The United States military’s reputation and mission readiness are in free fall, and diversity, equity, and inclusion programs (DEI), which pervade the armed services, bear much of the blame. General Brown supports, promotes, and defends DEI passionately and unapologetically. Plunging enlistments, declining public trust and confidence in the highest echelons of command, lowering physical fitness and aptitude standards, and plummeting military power ratings are the result of these self-inflicted wounds. Just as saltwater tarnishes a sword, DEI erodes the fabric of trust, competence, and unit cohesion.

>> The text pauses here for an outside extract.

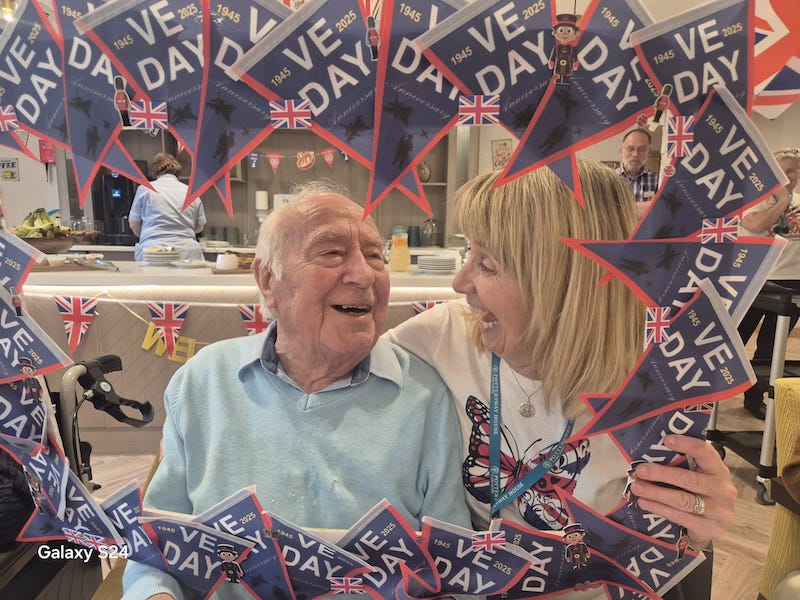 resident and one of our team holding up a VE day frame
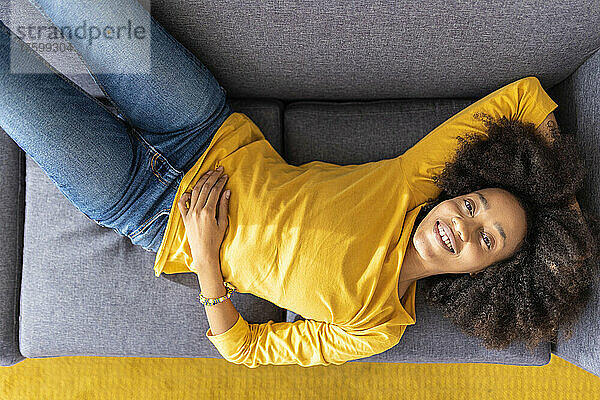 Smiling young woman lying on sofa at home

General Brown represents DEI in euphemistic terms that are palatable to the public and allude to fairness and equal opportunity. But DEI has deep Marxist roots based on critical theories, where merit is minimized, and power structures are based on identity, oppression, and racism. It is a stealth weapon devised by academics that breeds conformity of thought, marginalizes members of organizations solely due to superficial characteristics, and engenders favoritism. The Air Force faces a 2000 pilot deficit, but General Brown’s priority is not focused on this crucial concern but rather the racial and sexual distribution of the pilots he commands.

His unwavering support of identity-based quotas and DEI imperatives is sufficient to justify and rationalize the purge of the depleted pilot corps of competent aviators that is composed of too many white males.

“Treat your men as you would your own beloved sons. And they will follow you into the deepest valley.”  – Sun Tzu

With deep divisions within the military and the uncertainty of its ability to defend the country, General Brown’s leadership style comes into question. An effective leader cannot adhere to an ideology that denigrates many of those under one’s command. Leadership embodies Eisenhower’s humility as it relates to blood and sacrifice, the qualities imbued in Shakespeare’s St. Crispin’s Day Speech, and Chiang Kai-Shek’s testimony to morale and spirit.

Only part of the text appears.